Em notícia da Rádio Comercial, estas eram as questões que a APORFEST queria ver esclarecidas: «Porque é que o setor cultural é o único em que uma testagem terá de ser obrigatória (segundo desígnio do último Conselho de Ministros)? É mais perigoso estar atualmente num evento com as atuais medidas do que num supermercado, transporte público ou restaurante? Porque é que a testagem, sendo obrigatória, não é suportada a nível público tal como noutras cidades e países permitindo assim que os fluxos de público (nomeadamente internacional e turístico) possam existir? Porque é que olhamos para a pandemia como se estivéssemos em 2020 e não tenhamos sabido evoluir e conseguir reorganizar procedimentos e analisar dados que permitam uma evolução do setor? Porque é que a testagem é obrigatória no único setor onde não existiram surtos (ao invés de unidades de logística, área ensino) e onde as regras aplicadas são acima de qualquer outro setor? Porque é que todas as recomendações dadas por nós (APORFEST) e outras entidades presentes em grupos de trabalho não são realmente escutadas e aplicadas, não passando de uma mera formalidade este processo? Porque é que não podem existir festas e romarias mas podem existir Arraiais travestidos a partir de partidos ou eventos excepcionais (e.g. São João ao longo de todo o mês de junho no Porto)? Porque é que se formos uma entidade internacional conseguimos realizar eventos com público e não ter obrigações de impostos e os promotores nacionais não acedem a estes mesmos benefícios?»

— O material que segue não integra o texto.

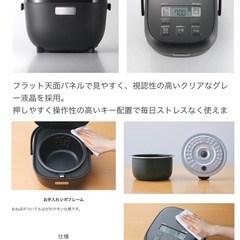 未使用 タイガー炊飯器ブラック3合炊きの画像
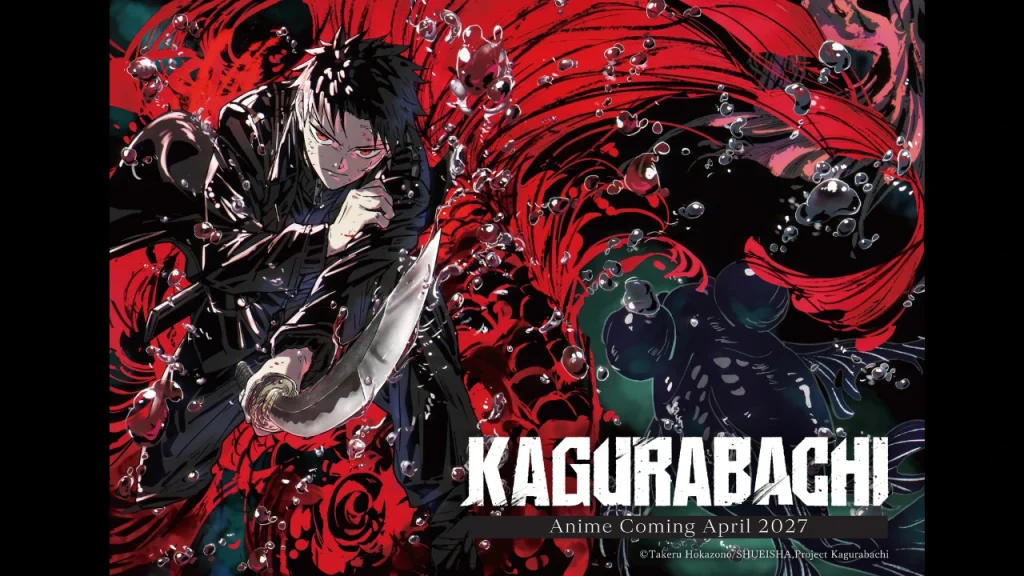 Kagurabachi asegura ser uno de los mejores shōnen programados para 2027, confirma su lanzamiento compartiendo nuevamente su arte visual. 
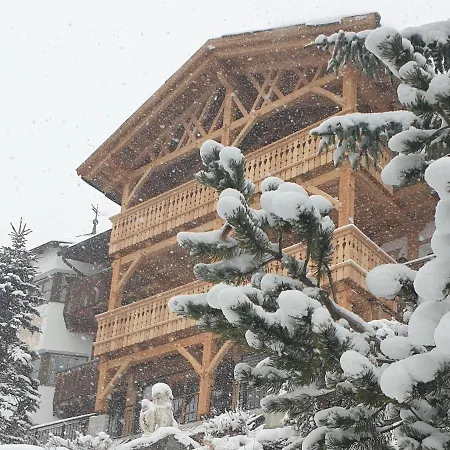 Mountain Bergrichter Apartamento *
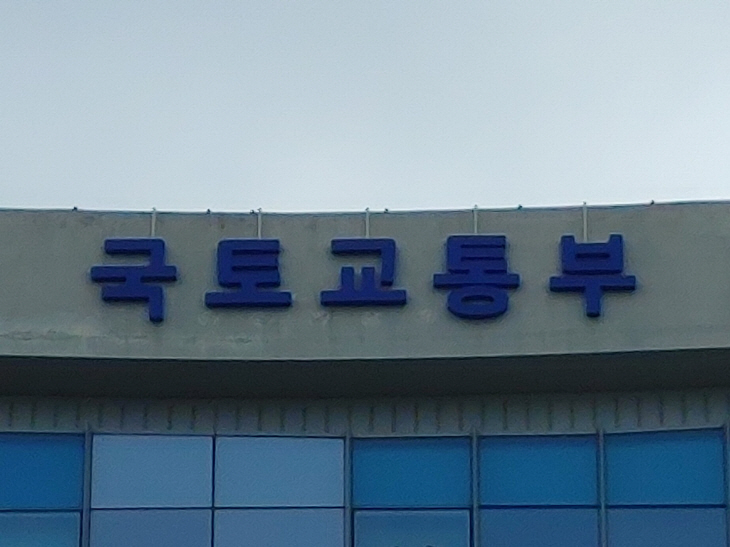 국토교통부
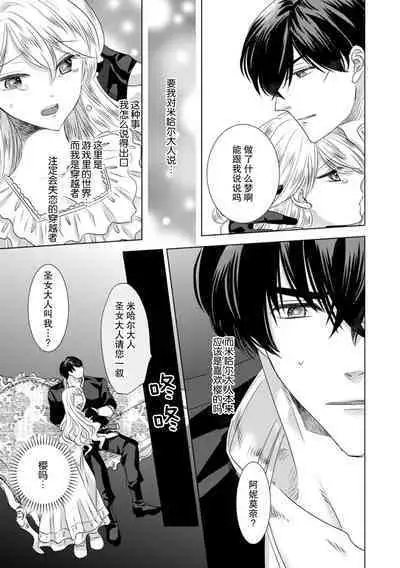 Dakareta Akuyaku Reijou wa, Gekihen Ouji no Dekiai Route ni Totsunyuuchuu!? | 被深拥的反派千金进入反套路王子的强宠攻略线!? 1-6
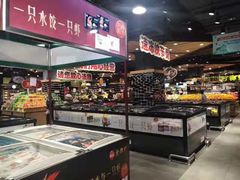 -旺豪阳光超市(友谊阳光城店)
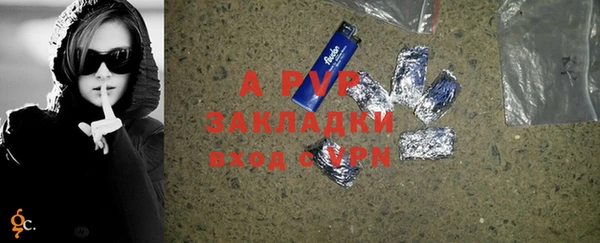 наркотики Горно-Алтайск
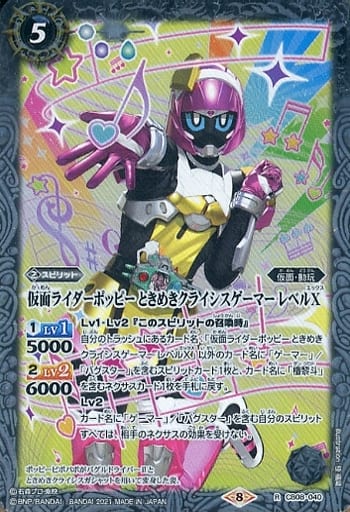 [R] CB08-040 仮面ライダーポッピー ときめき...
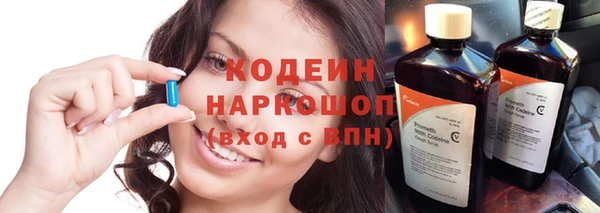 мяу мяу кристалл Абдулино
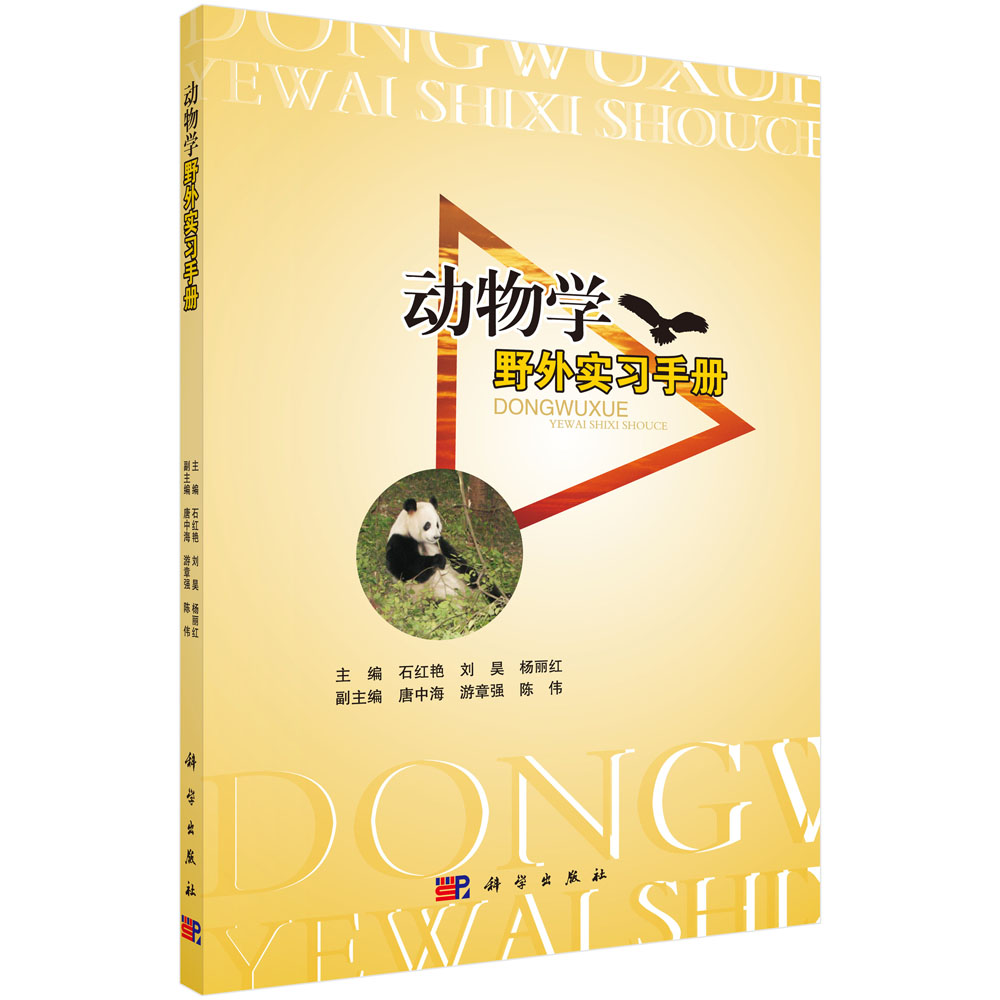 动物学野外实习手册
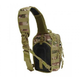 Тактический Рюкзак BRANDIT US Cooper EveryDayCarry Sling 8л 30 x 22 x 13 cm Coyote Camouflage 8063-1 - изображение 2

Com a chegada da nova estirpe e apesar de tudo indicar estar-se a entrar numa fase endémica, há ainda muitas coisas por resolver e esclarecer na indústria da cultura e, particularmente, da música ao vivo. Voz crítica da gestão feita pelo Governo nesta matéria, desde o início da pandemia, Álvaro Covões voltou a expressar toda a sua indignação de forma pública. «Um país sem Cultura, é um país sem futuro, um país sem identidade», frisou Álvaro Covões, diretor da Everything Is New, numa publicação no Instagram onde criticou as mais recentes medidas de combate à pandemia, nomeadamente no sector dos espectáculos. «Nesta pandemia, todos os sectores económicos gritaram alto que foram individualmente o mais prejudicado pela pandemia. Os números da cultura estão aí. Definitivamente batemos no fundo. 85% quebra de espectadores. E 2021 foi ainda pior», sublinhou o director da promotora responsável pelo festival NOS Alive. «Os apoios ao sector foram manifestamente desproporcionados com a quebra de negócio. A Ministra da Cultura insistiu sempre em mandar-nos para economia. A Economia diz-nos que temos uma tutela. Pois que não temos. O discurso para o nosso sector foi sempre, não entrem por aí. Entretanto a senhora Ministra não fala com o sector há semanas», revela.